Le richieste del Pubblico Ministero

Il collegio (Presidente e relatore Silvio Piccinno, a latere Antonio Gatto), ha accolto quasi in toto l’Appello presentato dal pubblico ministero Roberta Licci che nei giorni scorsi aveva impugnato l’ordinanza di custodia cautelare del gip Edoardo D’Ambrosio, il quale aveva rigettato la richiesta di misura carceraria per i tre fratelli Coluccia. Disposto dunque l’arresto e la misura carceraria per: Antonio Coluccia, detto Bullo, 60enne; Michele Coluccia e Giuseppe Salvatore Fiorito, 51 anni di Cutrofiano (entrambi già detenuti in carcere). Rigettata l’istanza della Procura per Luigi Otello Coluccia, detto Gigetto, 71enne ( nch’egli comunque ristretto in una casa circondariale).

Le accuse

I quattro indagati rispondono di associazione a delinquere di stampo mafioso. Nello specifico Luigi Coluccia, secondo la tesi della Procura, avrebbe “dettato unitamente a Michele e Antonio Coluccia, e nonostante lo stato di detenzione, le direttive in materia di ripartizione del territorio tra i referenti di zona, con particolare riferimento alle piazze di spaccio”.

Non solo poiché il pm Licci ritiene che avrebbe anche “beneficiato del sostentamento economico da parte degli affiliati…”; infine, sarebbe intervenuto direttamente, per il tramite dei cugini Gugliersi e unitamente a Giuseppe Fiorito per “la risoluzione dei conflitti insorti tra le articolazioni territoriali dell’associazione”. Invece, riguardo Antonio Coluccia, la Procura sostiene che “all’interno dell’associazione si attendeva la sua scarcerazione in previsione di una ristrutturazione verticistica, durante la quale sarebbero stati riassegnati ruoli e posizioni”.

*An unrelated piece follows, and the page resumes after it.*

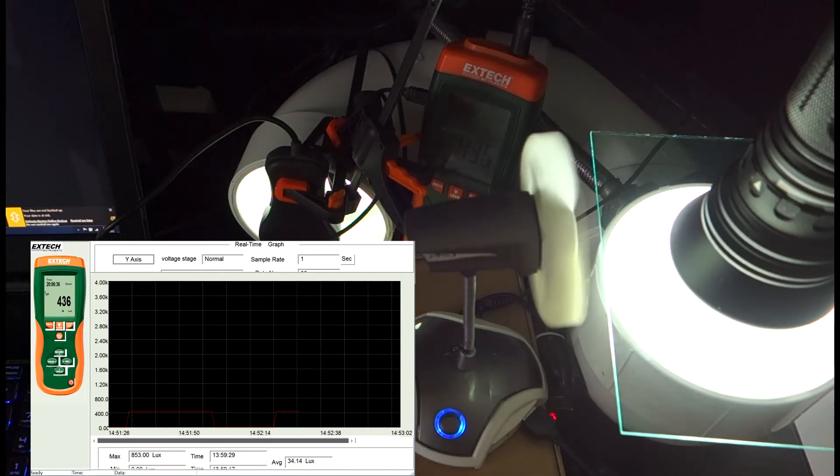And this is with the non-AR-coated version installed. Here you can see it's stabilized around 435 to 436 lumens. So that's a penalty of roughly five lumens, give or take one, plus or minus.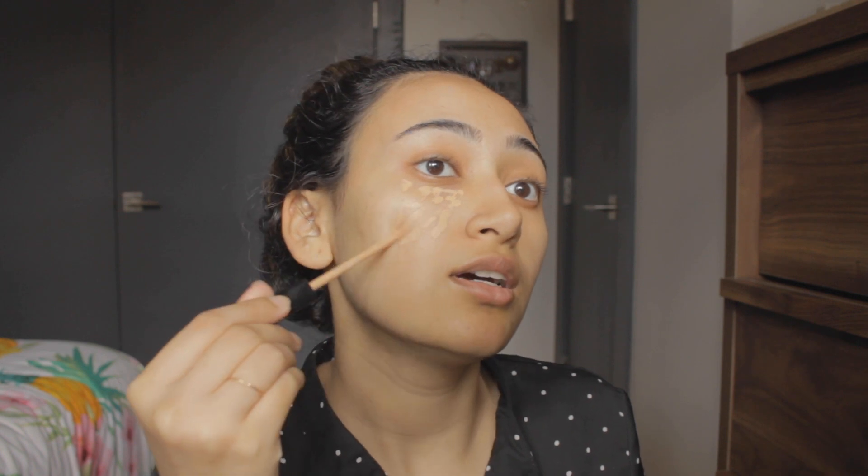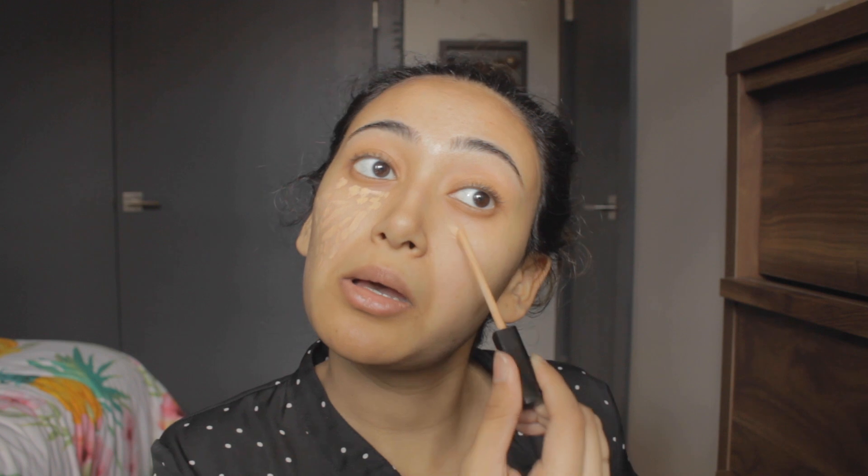Next up, going in with Maybelline Fit Me Concealer. I'm trying to find a new concealer because this is not my shade, but it works for the most part. Just doing some sad teardrop-ish things under the eyes, and lots on my chin because for some reason that's the darkest part of my face. Usually it would be fine if it was balanced out, but somehow I always end up looking uneven. I just like to blend with the finger because brushes are great, but something about finger blending is very satisfying. And I put on such little product that it really doesn't make sense to use a brush because it will take all the product off.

Il gip D’Ambrosio afferma però “non si ritiene raggiunto uno standard di assoluta certezza (alla stregua dello specifico criterio di gravità indiziaria) in ordine alla responsabilità degli indagati per il reato di cui all’articolo 416 bis”. Invece, la figura di Michele Coluccia si incrocia nell’inchiesta “Contatto” con quella di Luciano Biagio Magnolo, ex assessore alle politiche sociali del Comune di Sogliano Cavour. Quest’ultimo è accusato dalla Procura “di versare somme di denaro per il sostentamento dei capi detenuti”. Risponde di “concorso esterno in associazione mafiosa” ed è stato raggiunto dalla misura degli arresti domiciliari ( confermata nei giorni scorsi dal Tribunale del Riesame). Durante l’interrogatorio di garanzia, Magnolo, assistito dagli avvocati Giuseppe e Michele Bonsegna, “ha negato sdegnosamente di aver mai fornito aiuti esterni al clan”. Inoltre, ha dichiarato di non conoscere i Coluccia.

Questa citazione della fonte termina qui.